To translate his visions, he has chosen mezzotint, a tonal Medium capable of achieving rich blacks and subtle gradations of grays. This is a painstaking technique, which requires the artist to spend long hours just to prepare the ground on the copper plate before any work on the actual image can begin. This preparatory work is done using a curved serrated blade called a rocker. Although a very technical process, mezzotint allows the artist the most direct means of plate making. It is this approach to the art, along with the rich sensibility of the medium, which rewards the artist for his patience.

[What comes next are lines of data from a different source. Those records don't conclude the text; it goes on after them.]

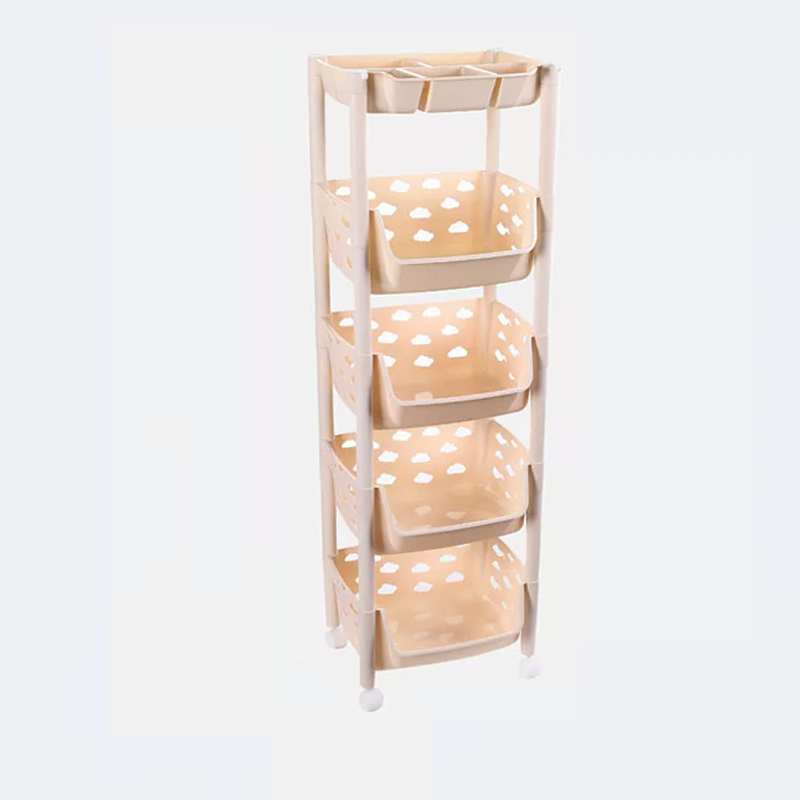 PARASNATH SKEP 4+1 Layer Fruit & Vegetable Basket Trolley Included 1 Dish Box Tray (Ivory Colour) for Home and Kitchen Fruit Basket Storage Rack Organizer Holders kitchen trolley - Made In India - PARASNATH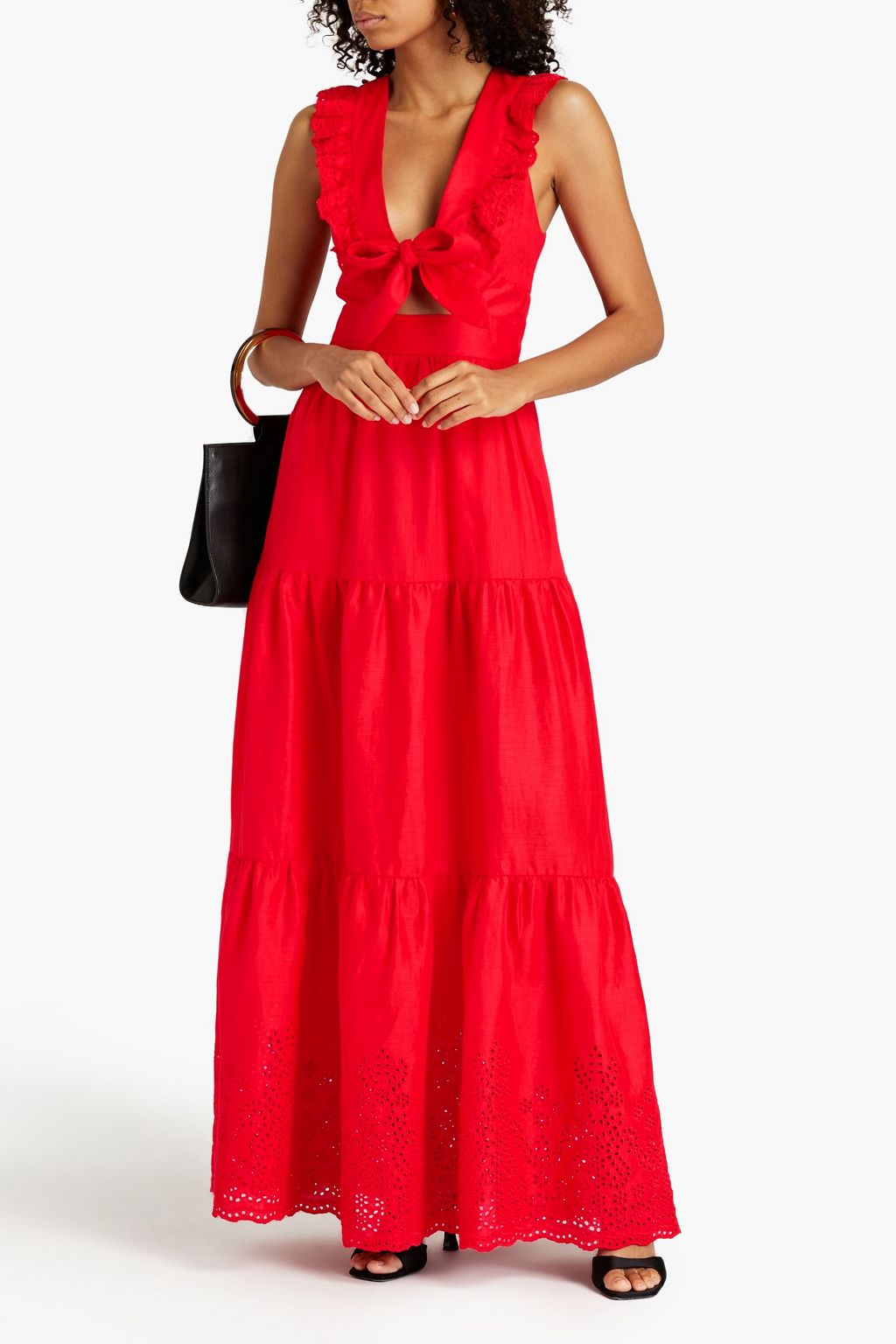 REBECCA VALLANCE Portia cutout broderie anglaise-trimmed linen maxi dress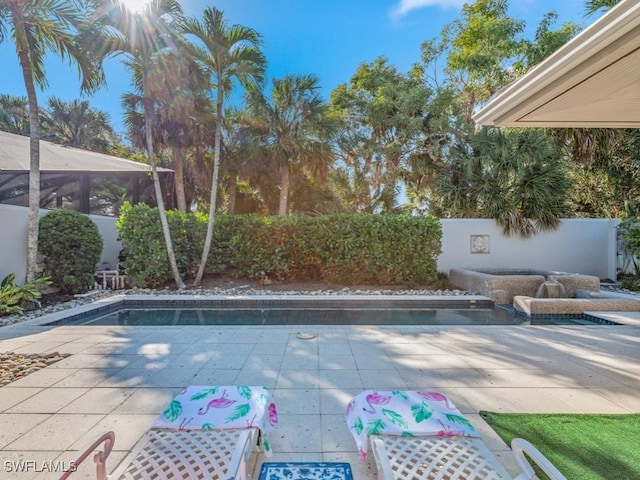 view of swimming pool with a lanai and a patio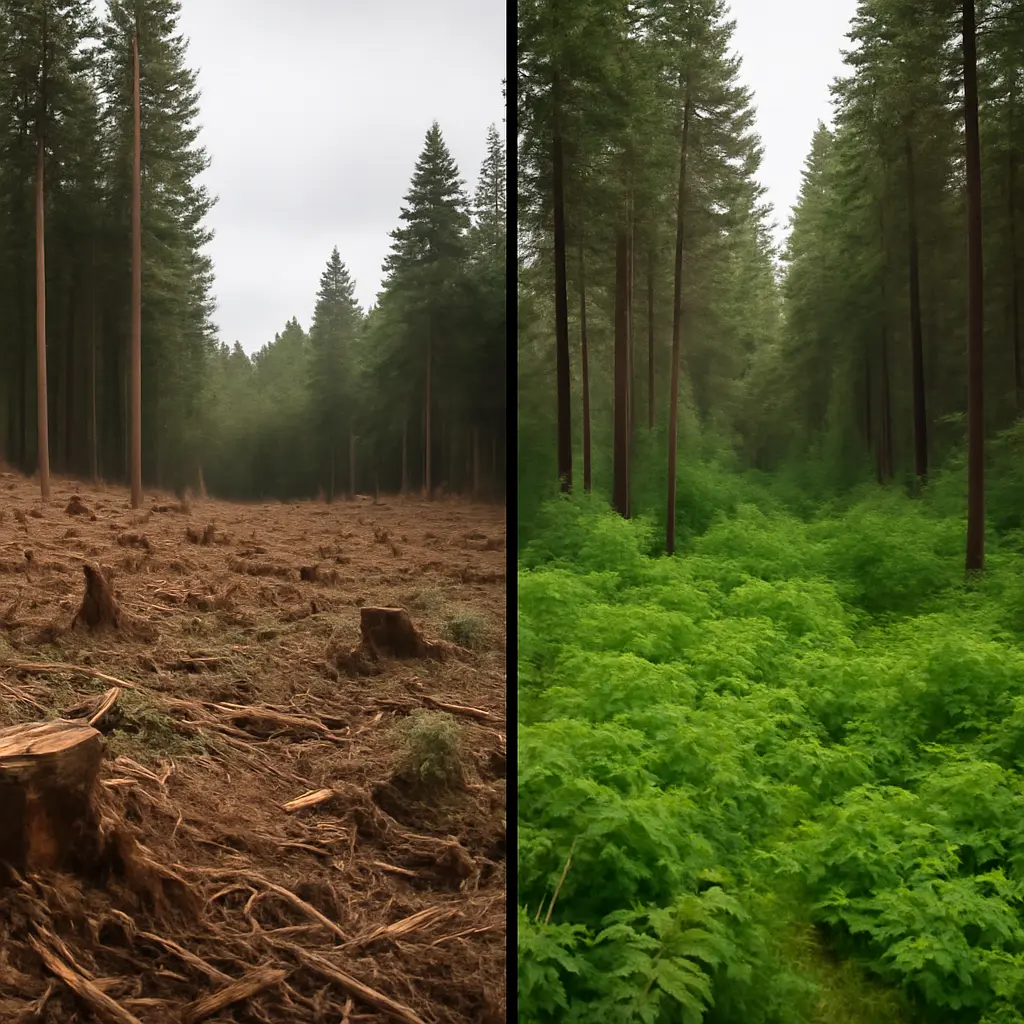 Vizualizace dopadu obnovy Před a po: obnova lesa vizualizace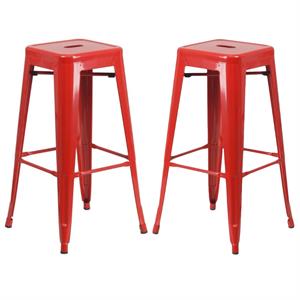 Home Square 30&quot Metal Backless Bar Stool in Red Finish - Set of 2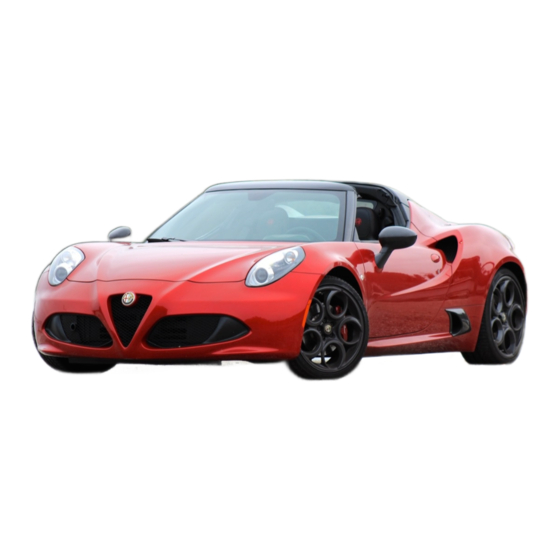 Alfa Romeo 4C Spider 2016 Guide De L'automobiliste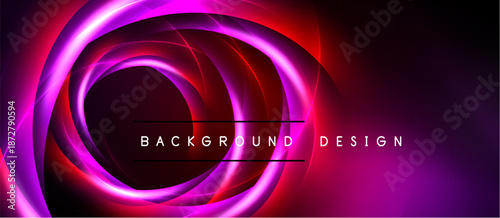 Abstract swirling lights create dynamic background. Vivid magenta, red hues dominate dark space. Modern design element.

His mezzotints are in many private and public collections, including the Corcoran Gallery, the Cleveland Museum of Art, the Museum of the City of New York , The National Museum of American Art/Smithsonian Institution, the New Orleans Museum of Art, the Queens Museum of Art and the Whitney Museum of American Art. His works have also been acquired by the Georgetown University Art Collection, Harvard's Fogg Museum , the Library of Congress, and New York Public Library, University of Arizona and the University of New Mexico.
"My images explore the dynamic between the city's architecture, and our place within this imposing environment. Never truly understanding the world and my roll in it, I find a sense of control by creating dramatic settings where events can unfold. I have always enjoyed night because it was a place to escape the expectations of society and to reinvent ones self. Through night scenes, I'm able to capture the city's darker, more mystical and romantic undertones.
Using photographs I have taken of the city for reference, I construct scenes by, eliminating objects or changing the perspective to better draw the viewer into the piece. Weaving together the disparate elements into a seamless quite balance, I manipulate lighting and shadows, fine details, texture and other pictorial elements to conjure a sense of place and reveal the emotional core of my work."